Youngteam: Fading Into Night – album review
Youngteam: Fading Into Night (Northern Star Records)
Available 24th March 2014
Exceptional second album from Swedish shoegaze quartet heads off into dark, gloomy territory says Chris Lockie
It’s hard to say whether Youngteam are happy with their lot. Their second album appears to find them in somewhat darker mood than their first, given the song titles: It’s Getting Dark, Go To Sleep, Shadows, Dead Sun etc. Perhaps it’s been a long winter.
Honestly, I don’t care. Sweden’s finest purveyors of shoegaze can be as miserable as a thousand Charlie Browns for all I care, if they continue to make music as heroically gloomy, and yet loud, as this.

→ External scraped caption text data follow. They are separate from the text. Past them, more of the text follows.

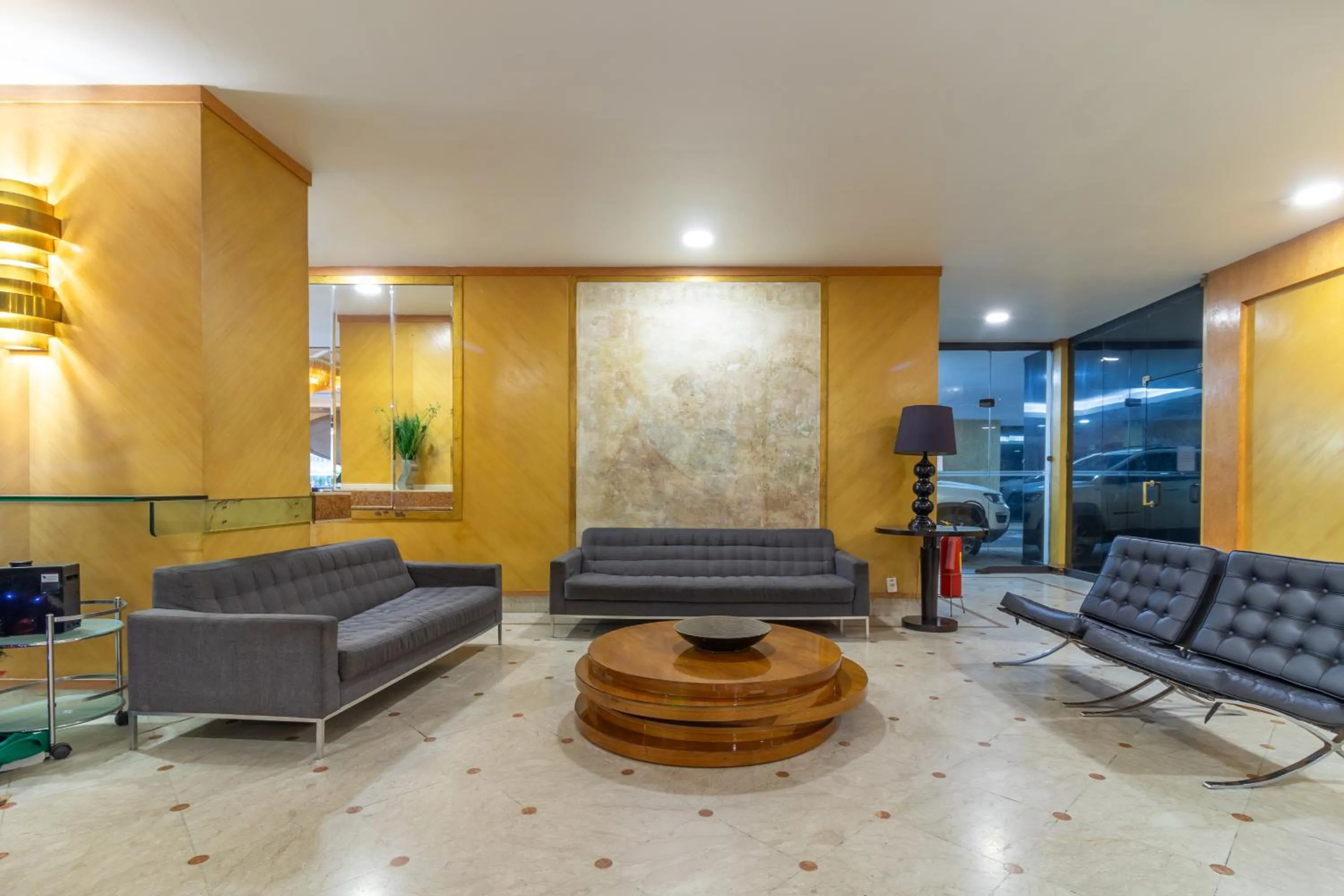 Living room in Gran Villagio Hotel SP by Castelo Itaipava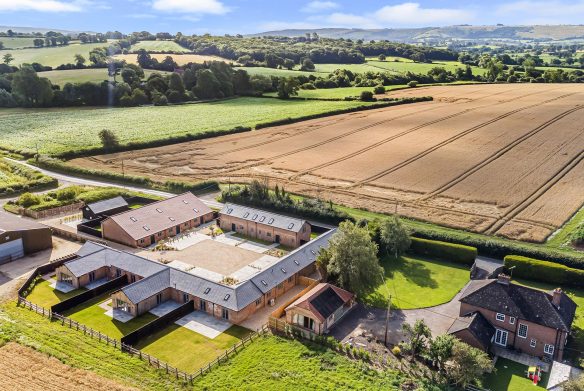 aerial view of farmhouse with courtyard and outbuildings surrounded by countryside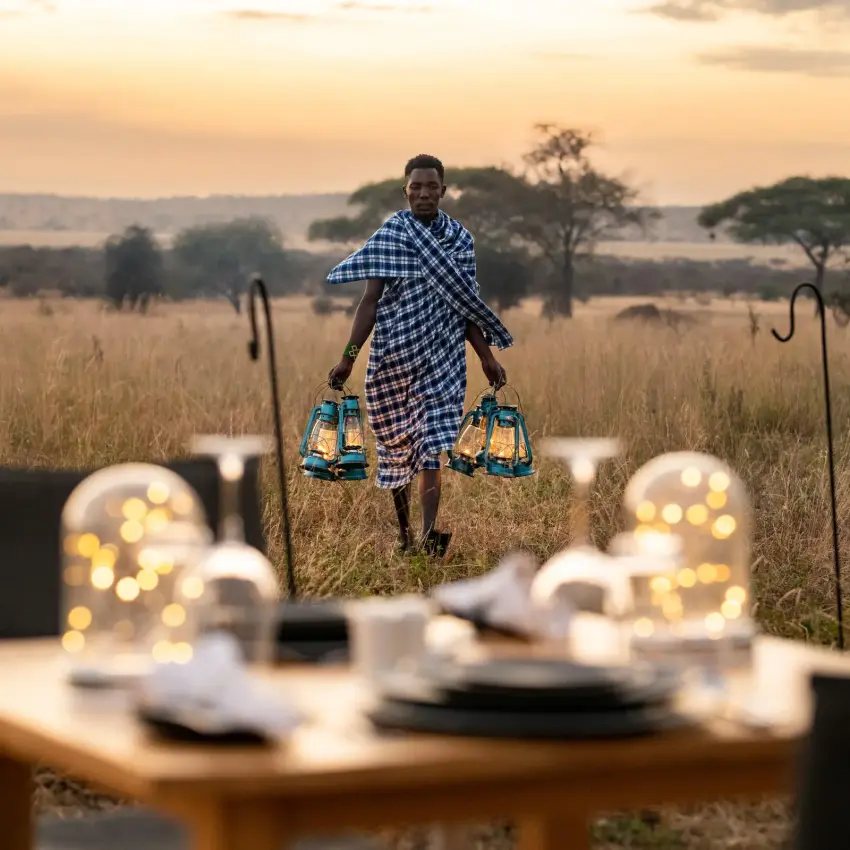 Staff member carrying lanterns toward outdoor dinner setup at sunset, Lolkisale Camp, Tarangire National Park, Tanzania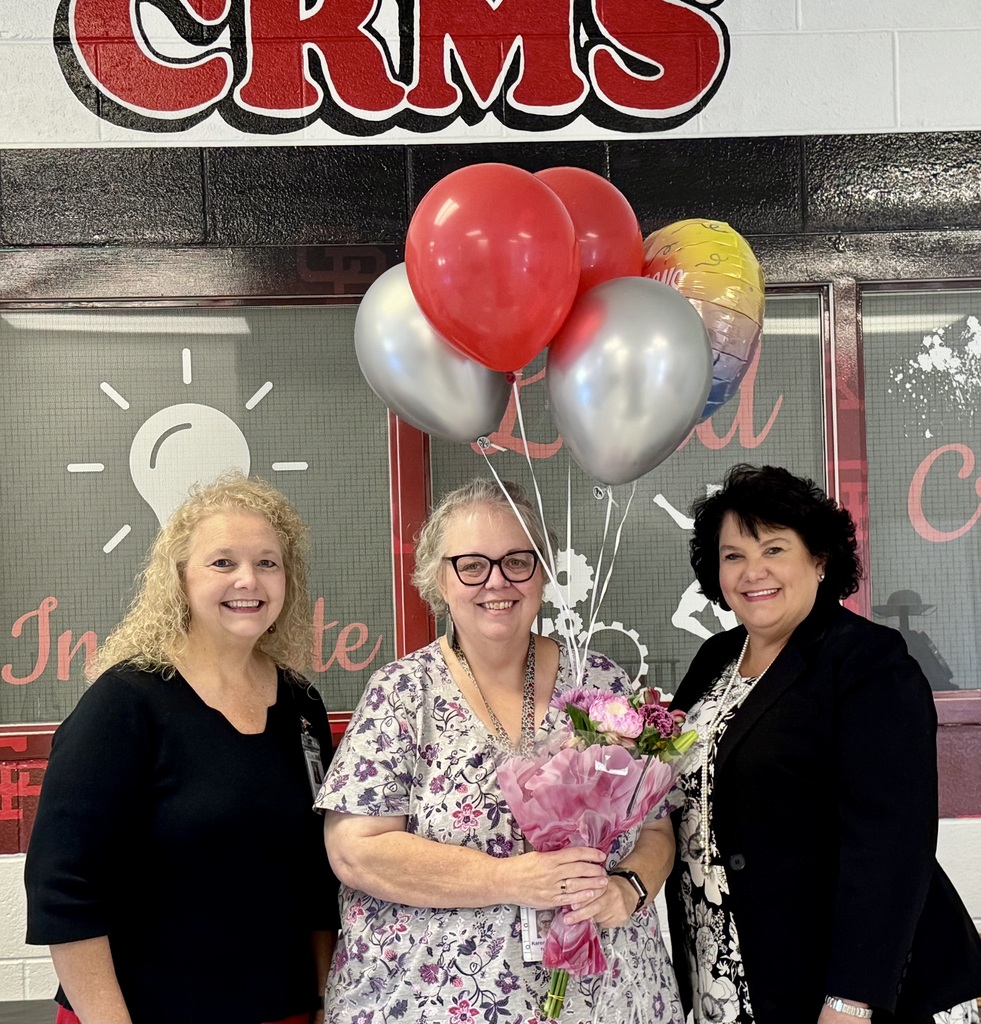 three women smiling, one in the middle holding flowers and balloons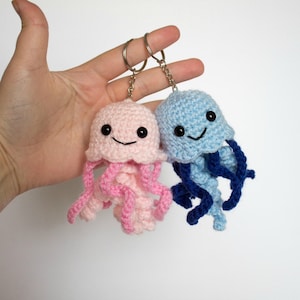 May include: Two crocheted jellyfish keychains, one pink and one blue, with smiling faces and dangling tentacles.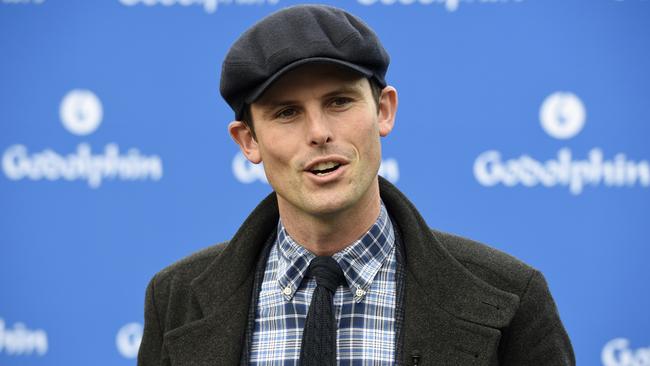Godolphin trainer James Cummings speaks to the media at Flemington. Picture: Andrew Henshaw
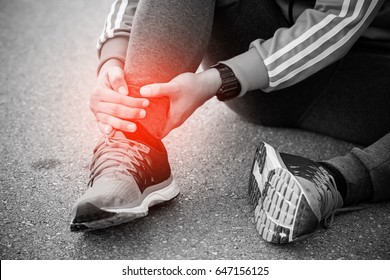 Runner Touching Painful Twisted Or Broken Ankle. Athlete Runner Training Accident. Sport Running Ankle Sprained Sprain Cause Injury.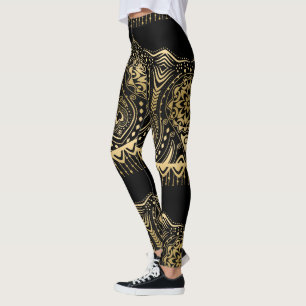 Schwarzer Hintergrund für die goldene Spitze Leggings
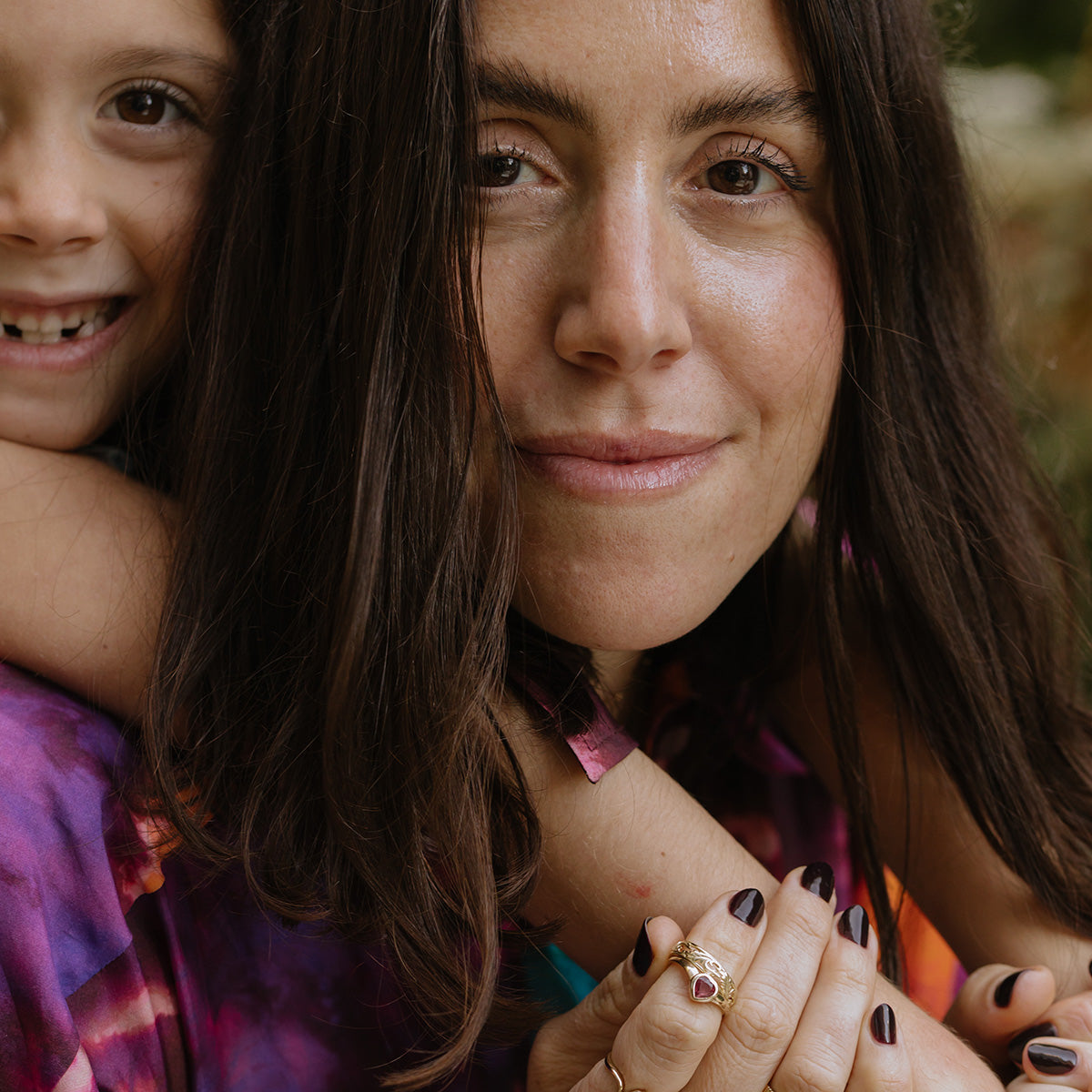 A woman with long dark hair smiles at the camera as a child hugs her from behind, both in colorful clothes. Her hand, with dark nail polish and a Solid Gold Bezel Set Ruby Heart Ring, is visible in the foreground.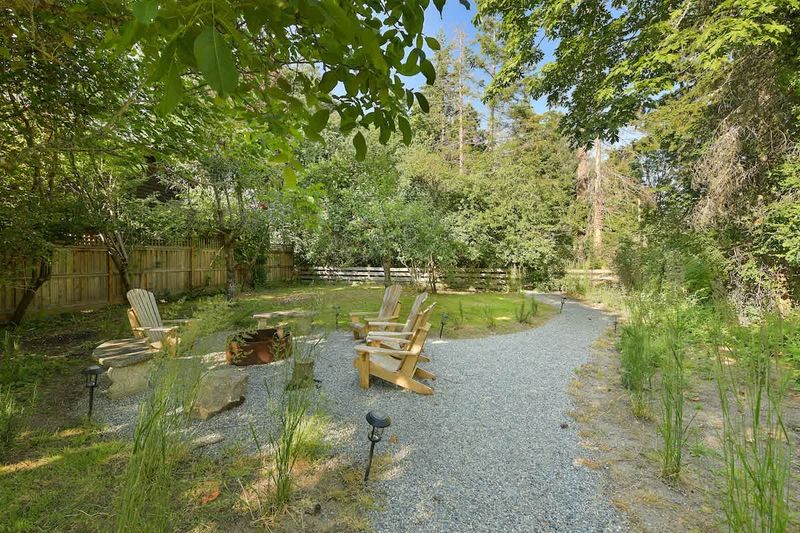 Backyard living and garden spaces. Please note that there is open burning bans seasonally thus the firepit use may not be available.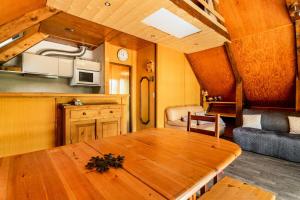 Η κουζίνα ή μικρή κουζίνα στο Chalet à l'ambiance cocooning à Vars - maeva Home - Chalet 2 pièces 9 personnes - Confort MAE-3585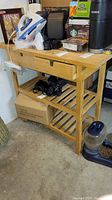 Frontal view of wooden rolling kitchen cart with drawers and items on top (not included)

The opening track, Dugpas takes a while to get going but does eventually settle into a pleasant, Horrorsesque groove. Track two is where you really start to take note. It’s Getting Dark drags various members of Ride and the Brian Jonestown Massacre into the woods around Stockholm for the trip of their lives, and I use trip in its proper, chemical sense. This is the kind of music that has you humming along with your eyes closed, on the very first listen when you don’t even know what notes are coming, because there’s only one way it could, should and does go.
The title track is equally impressive, and for some reason had me thinking of Oceansize though I now realist the two bands aren’t particularly similar. I can only assume Fading Into Night has me thinking of things the size of oceans. To call the record expansive would be to praise it too faintly.
Into Light takes us on a very pleasurable psychedelic ramble, the influence of Anton Newcombe again coursing through, which isn’t a million miles from his song used as the theme to Boardwalk Empire. The strongest track is also the shortest, Black Rider, though that’s surely a coincidence as the longest, the closer Dead Sun, proves a tremendous way to round things off.
Not every track pulls it off, admittedly – 1974 and Shadows are reasonably good, unremarkable tunes on an otherwise majestic album. Still, gives them something to work on for album number three.
This album is aimed squarely at the type of introspective, floppy fringed teenager moping around his bedroom, grounded by parents for listening too loud to this type of dismal racket, that I have been trying to stop being for 20 years or more. Slowdive fans, basically. If you’ve ever fallen for a record based on echoey vocals, droning guitars and a beat that makes you slowly shake your head rather than nod it, you have just found your new favourite album.